Happy memories don’t need to fade. They can even make today more pleasant by counting the ways we’ve carried with us their joys and been relieved of their burdens. I thought of this when I glanced at a picture hanging in my kitchen this morning. A young woman pausing in the chicken coop to gaze out the window. Her apron, her egg basket, the hens on their perches or in the nests. I had to buy that picture because it looked exactly like me when we lived on our ranch in Oregon. Even the basket looks identical to the one I had and still have. 

Those were happy times and I thought they would continue the rest of my life. After many years of pulling up stakes and moving on to make a home in another place every two years or less the ranch was to be our final move, our Shangri-la. And it was, for me, those seven and a half years. Then I had to let go and say goodbye to the little house sitting on field stones, the big barn sitting on horizontal poles, the wide fields, the creek that spilled into the Upper Applegate River, the swings, and my chicken coop with its precious occupants.

I still have all those memories and when I stop to really look at the picture on my kitchen wall, they come alive for a few moments. But now I don’t need to clean out the coop, (a stinky job!), wash that dingy window or gather the warm eggs and feed the hens and roosters. I didn’t mind doing all that, even enjoyed it. Then. Would I want to be doing that now? I think not. I have it here in a picture while I enjoy my new circumstances and conveniences to their fullest. 

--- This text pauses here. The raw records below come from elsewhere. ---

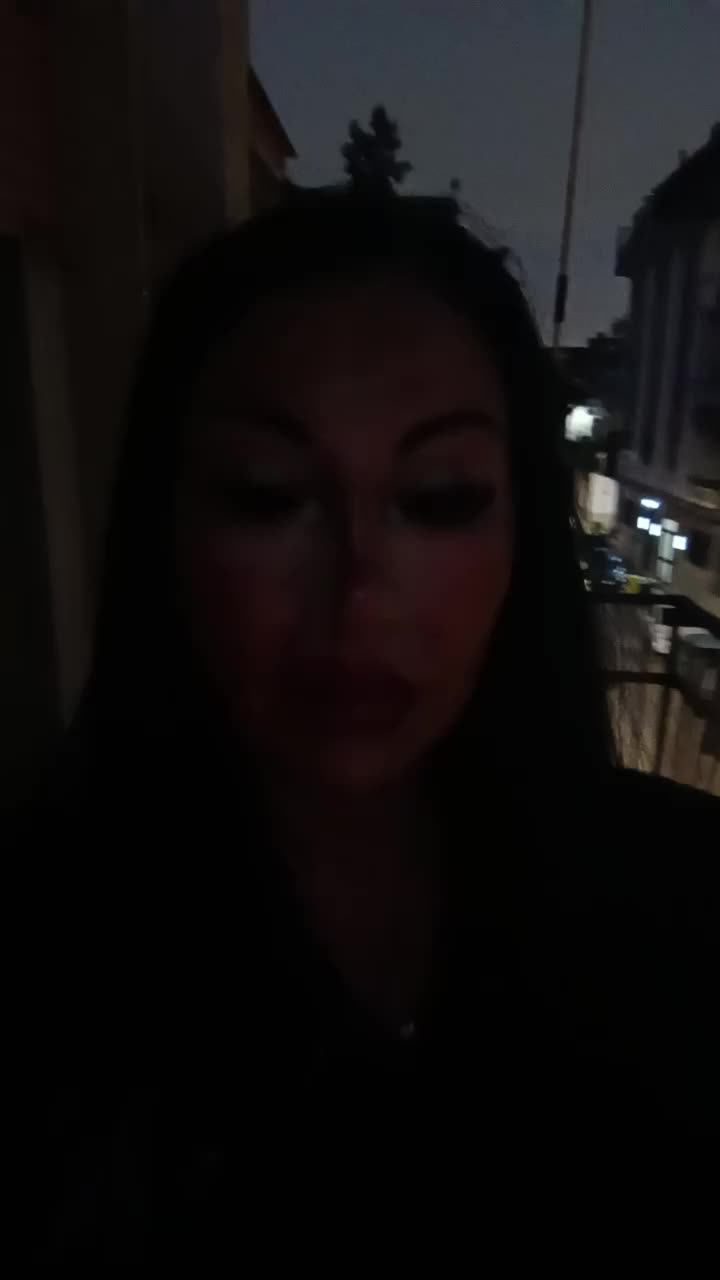 @Laura la Monica
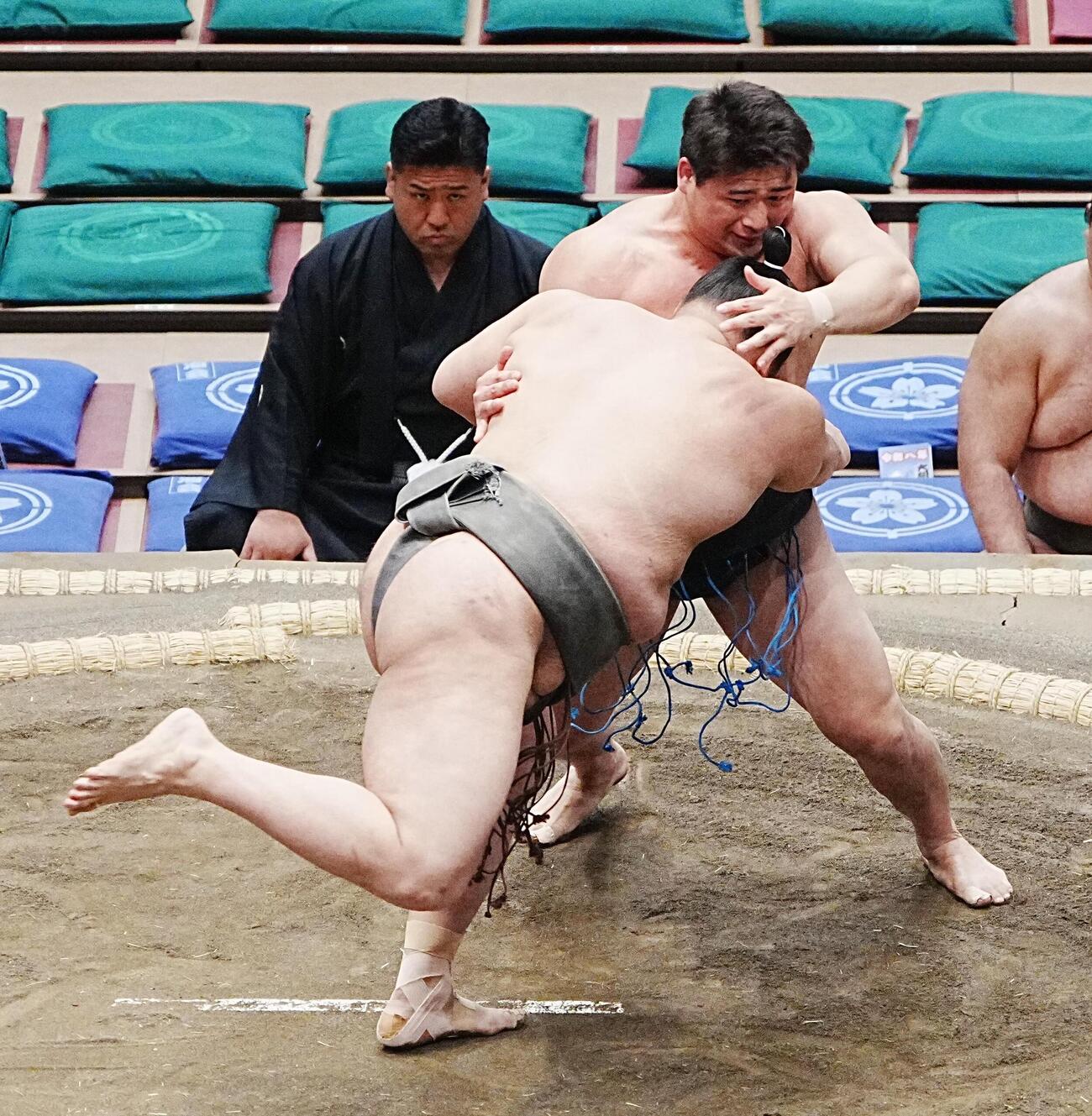 大相撲夏場所初日　若雅（左）を引き落としで破り幕下付け出しデビューを白星で飾った大森（撮影・小沢裕）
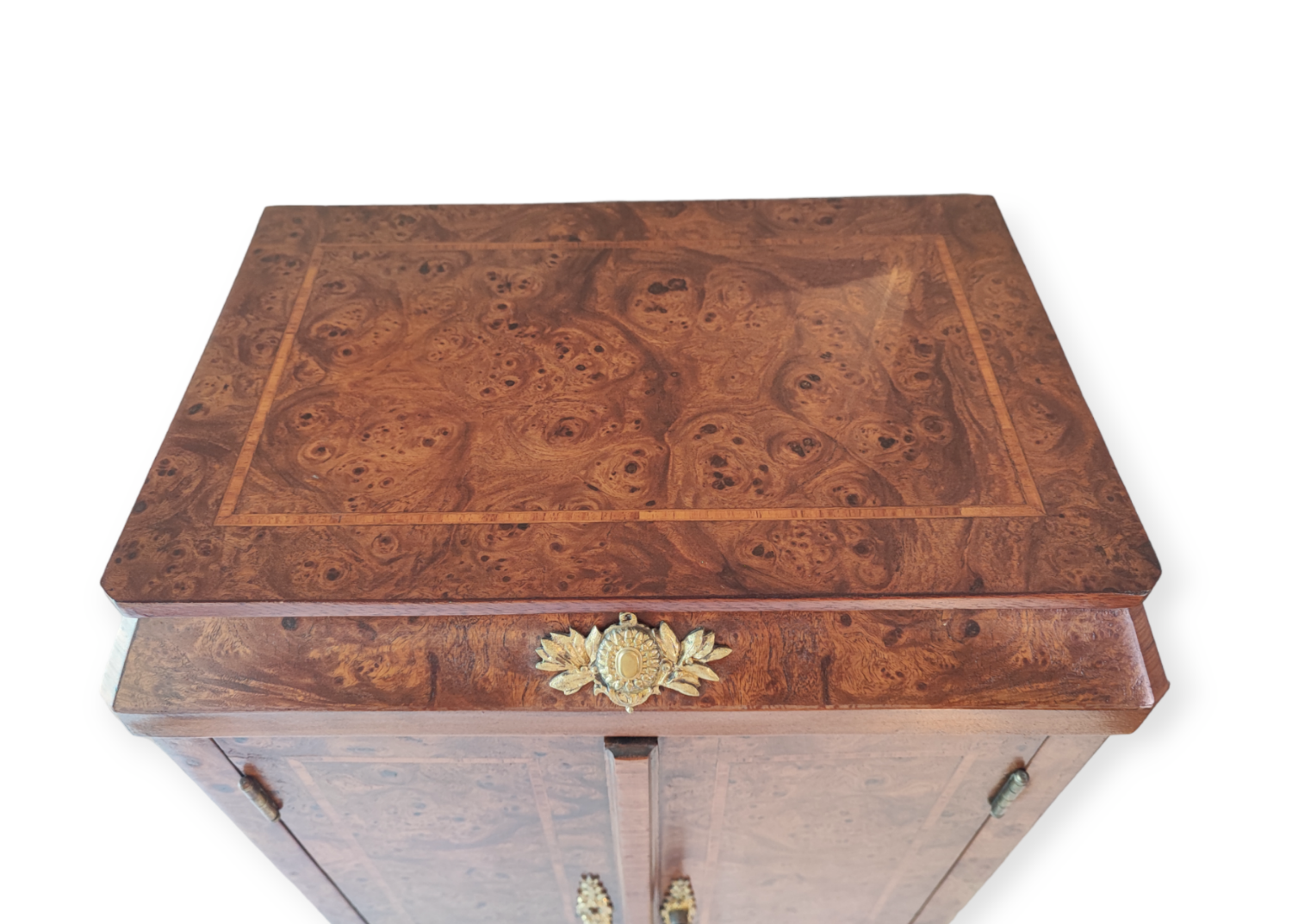 Armoire miniature en noyer Burr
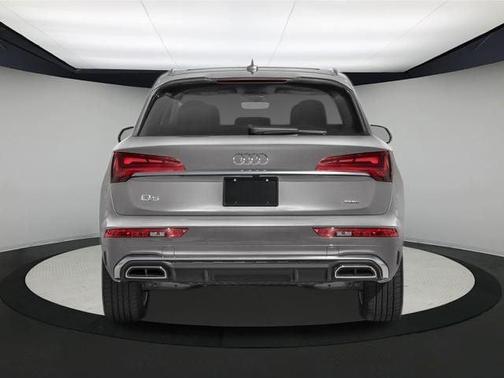 2025 Audi Q5 55 S line quattro Premium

It’s always been that way with me. Letting go of one form of good clears the way for something even better. I can’t count the places I’ve lived where I’ve said to myself, Now I am really home; I’ll never move again. The last place I lived in, my cozy condo beside the little creek and waterfall where wild ducks swam and played was my heaven then. But I was suddenly yanked out and given this, my present Shangri-la.  I feel so much at home here I doubt I could feel more so if it had been my home since birth.

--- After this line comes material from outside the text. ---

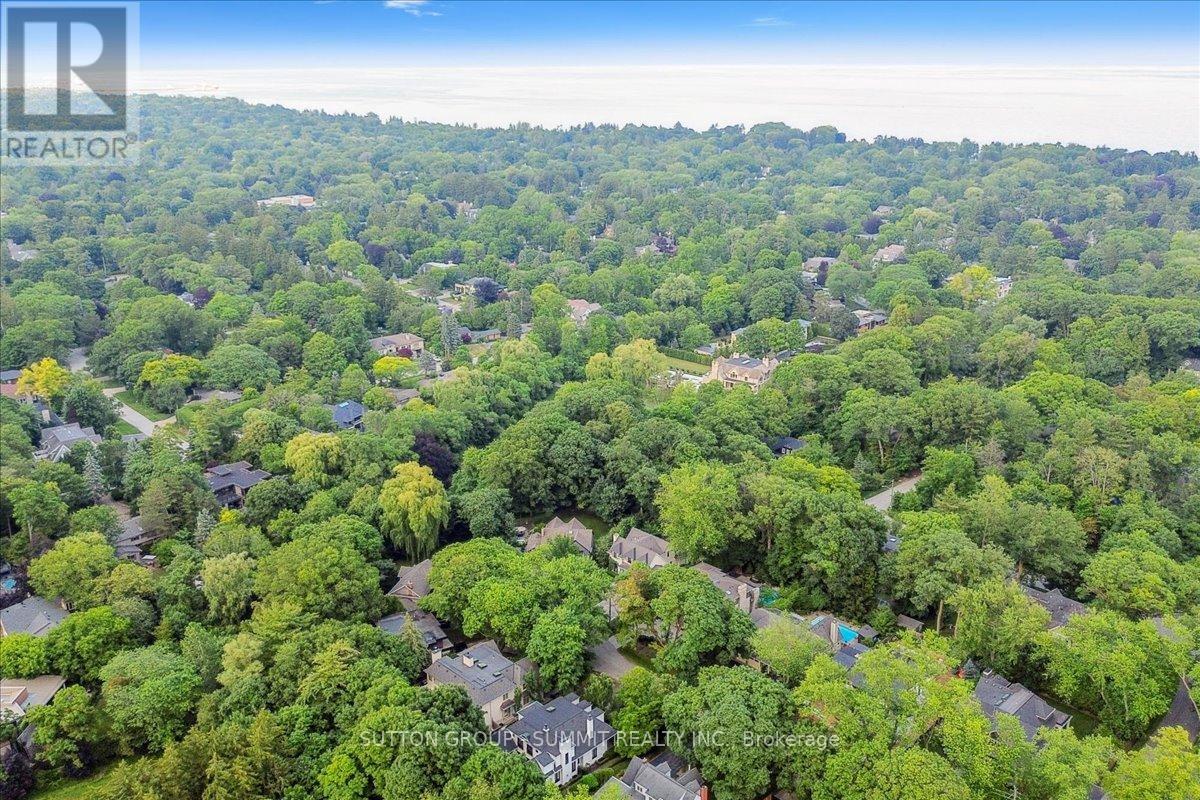 1100 Cedar Grove Boulevard, Oakville, Ontario  L6J 2C4 - Photo 49 - W12416487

I’ve discovered all through life that there’s something good and refreshing about leaving a home while it’s still the most pleasant place on earth. Why? Because there’s something better out ahead. There’s a new NOW, a wonderful new life awaiting. 

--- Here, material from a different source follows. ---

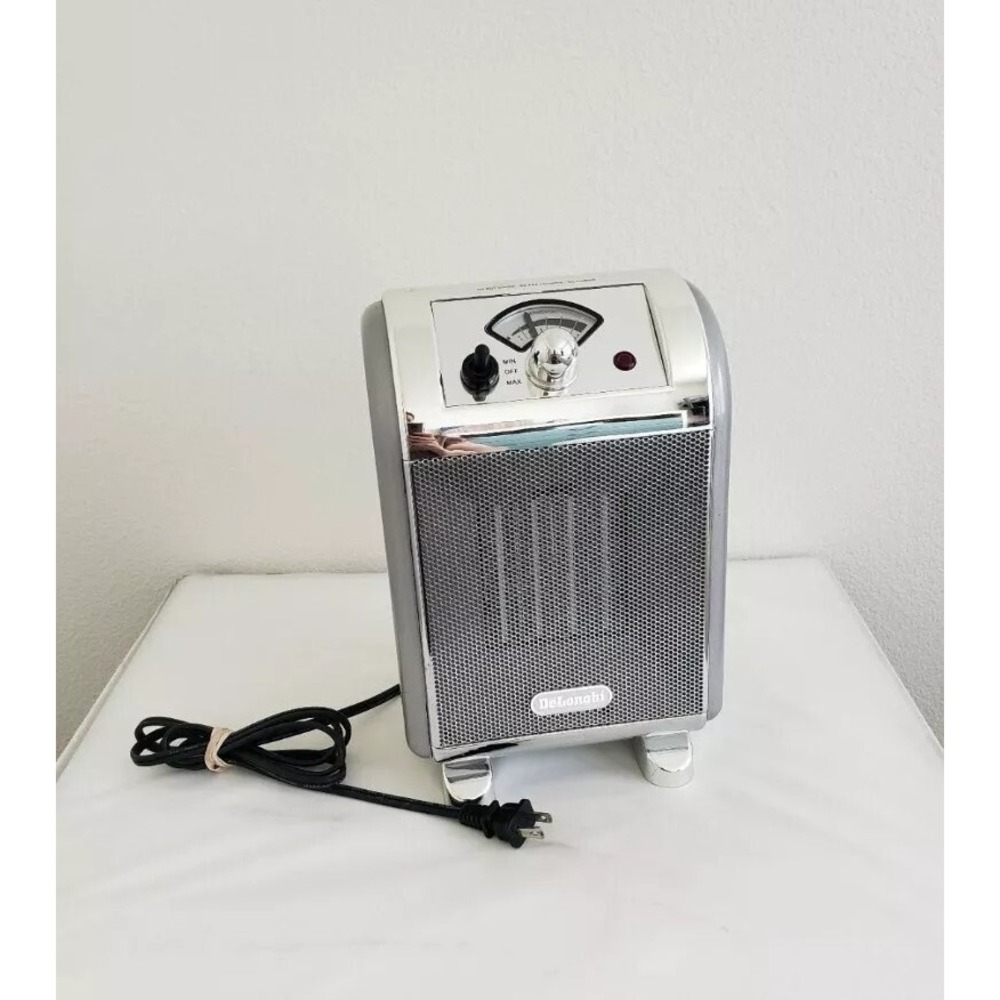DeLonghi Portable Vintage Metal Space Heater RCH150 Air Heater 120V Works Great‎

It’s been my observation that when people don’t or won’t let go of the past, when they still cling to past places, thinking them better than present, they languish under circumstances that could be delightful if not strangled by remorse. I think, in a way, that hanging onto the past and its pleasantries is like making a graven image of them and bowing down before them with eyes closed to the beauty and promise right at hand.

Can pictures bring back loved ones too? I think they help to remind us of the way we were, but not the way we are. I look at the smiling face of my young Marine pilot husband and suspect he’s smiling the same way now somewhere. Maybe even right here. Perhaps we’re not separated at all but merely tuned into different frequencies. I believe that progress is a law of God and both of us are progressing. For the time, however, we are in different classrooms. Shall we meet again and compare notes? I’ll leave that to divine Providence.

Today Robin and I are taking our friend, Suzy, out to lunch at her favorite fast food place, Kentucky Colonel Chicken. It’s a once a month outing. Those extra crispy pieces won’t hurt us once a month and they do taste so good! I don’t hear the waterfall anymore but oh, the sound of the rustling of these tall stately trees around me! I can hear wild bird songs too and they keep Tommy company as he contributes to their melodies.

It’s a good day, a beautiful day, and I have a carton of eggs in the fridge that were laid by free range chickens. I know what those eggs felt like when they were still warm. I know the sweet odors of hay and stinky chicken coop. I know what it’s like to move on. It’s not easy to move, it’s even a pain, but when you’re settled in and at home again? It’s today’s Heaven. Until there’s a better one.


1 comment:

  1. Orange yolks in your eggs, and no "coop" on your shoes...I'll take that little piece of heaven!!